In the material below, begin at the line that has "Sunday Girls U19 - Quarters - YCC 2013", stop after the line that has "Forever 21 open toe black booties", and transcribe those lines exactly, without pictures.

DATASET EXCERPTS —
-------

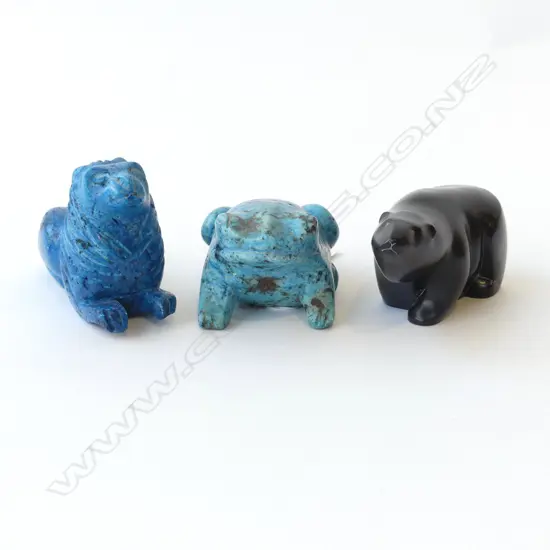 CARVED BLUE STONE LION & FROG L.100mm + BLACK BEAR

-------

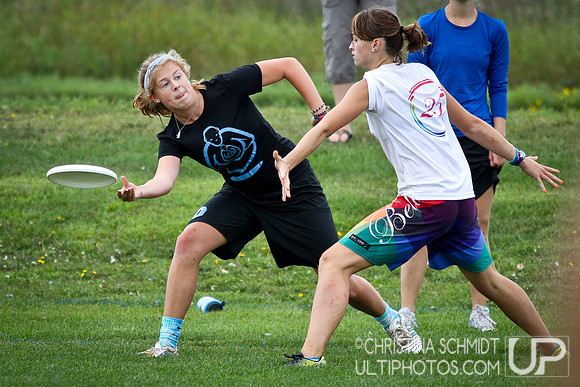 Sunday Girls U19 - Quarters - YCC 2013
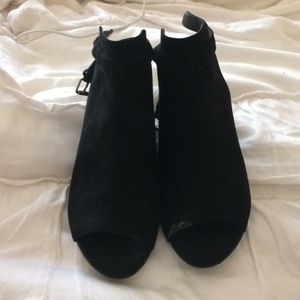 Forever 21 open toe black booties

-------

WRITTEN ANSWER —
 Sunday Girls U19 - Quarters - YCC 2013
 Forever 21 open toe black booties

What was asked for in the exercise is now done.